**PROBLEM TO SOLVE**
From the line containing "Blue and orange" through the last line of the material, copy every line exactly, both ends inclusive; do not copy pictures.

**DATA SHOWN**
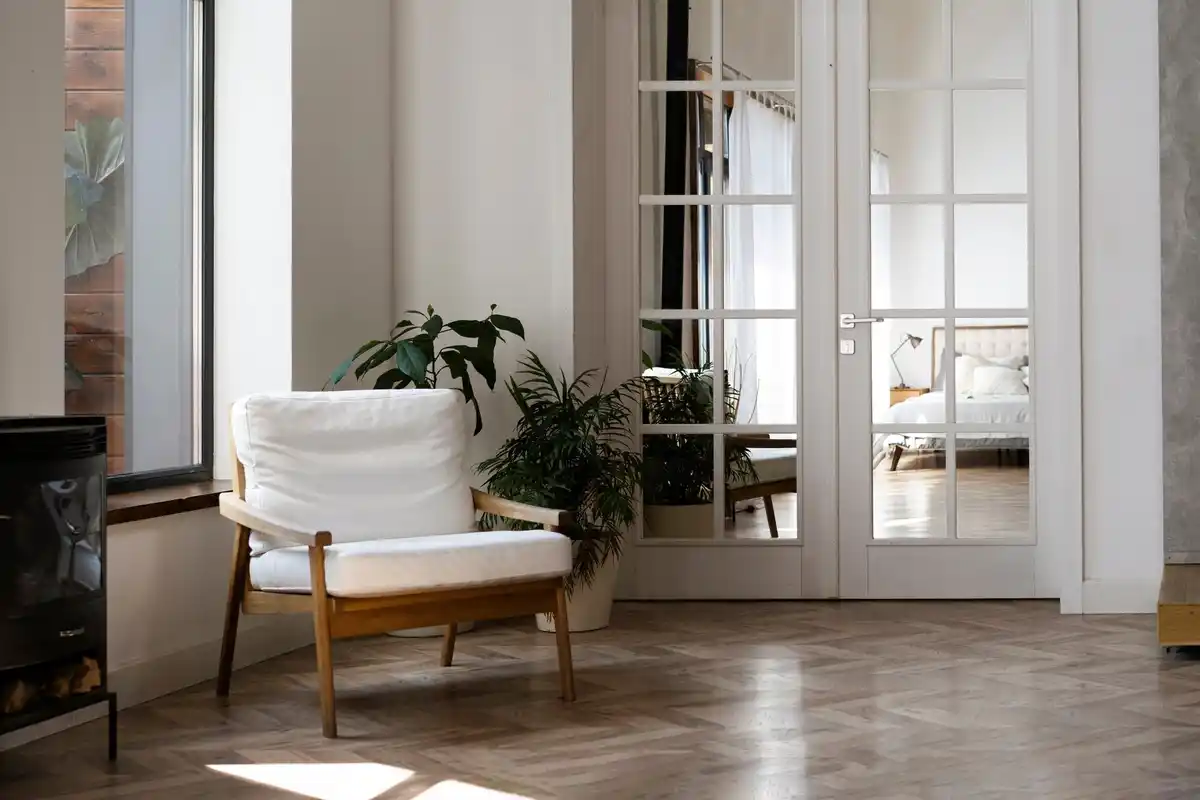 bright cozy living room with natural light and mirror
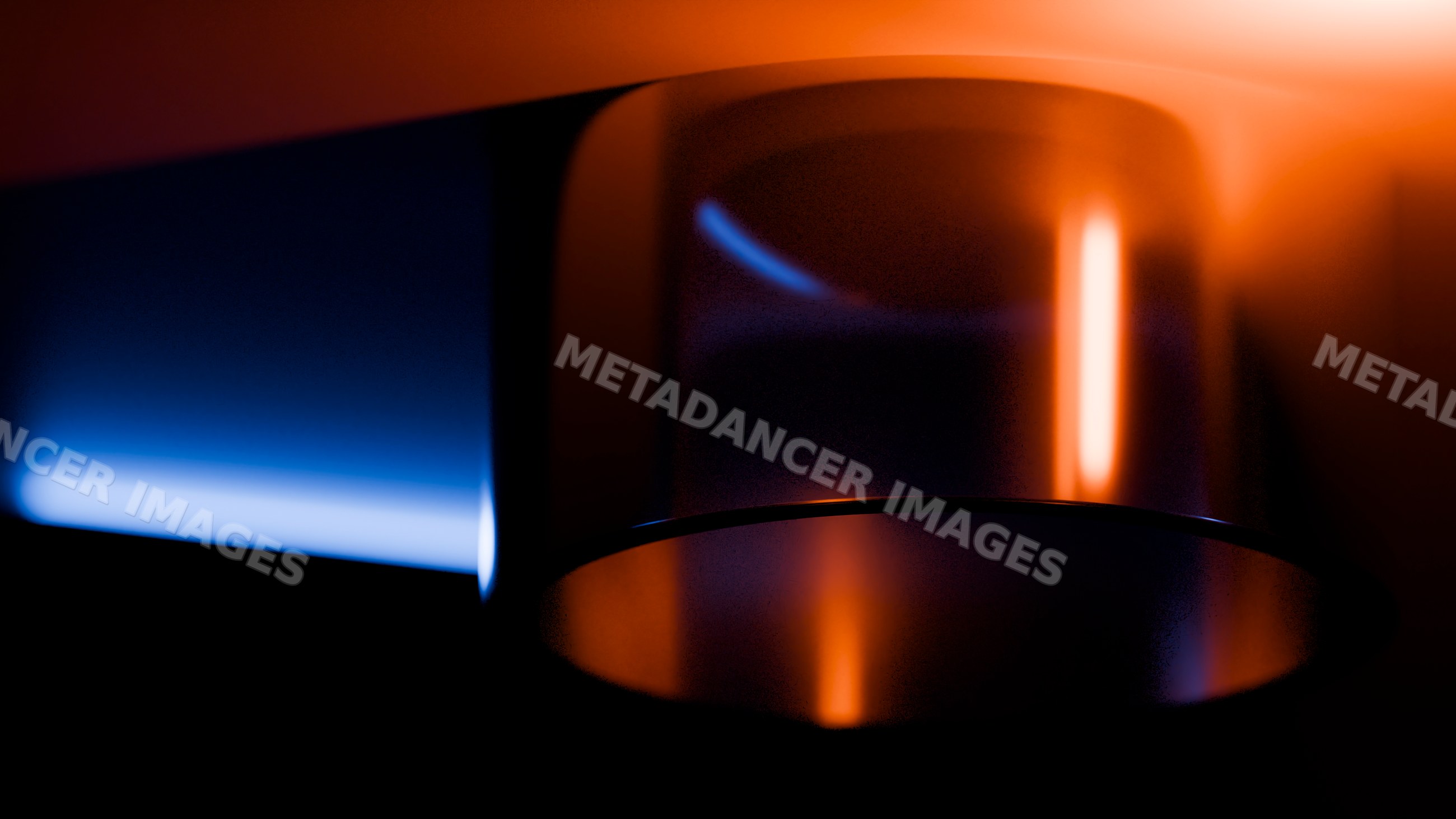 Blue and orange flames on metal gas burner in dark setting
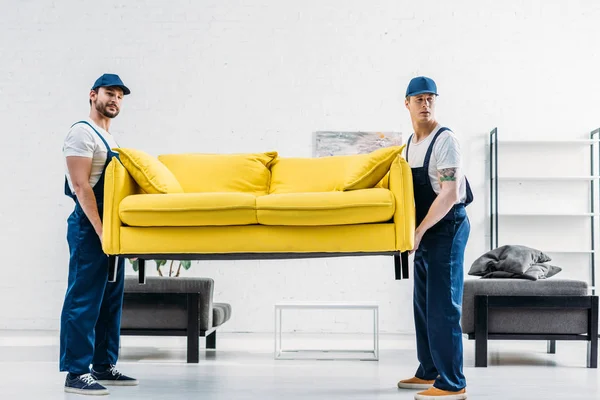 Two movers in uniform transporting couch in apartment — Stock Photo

**WRITTEN RESPONSE**
 Blue and orange flames on metal gas burner in dark setting
 Two movers in uniform transporting couch in apartment — Stock Photo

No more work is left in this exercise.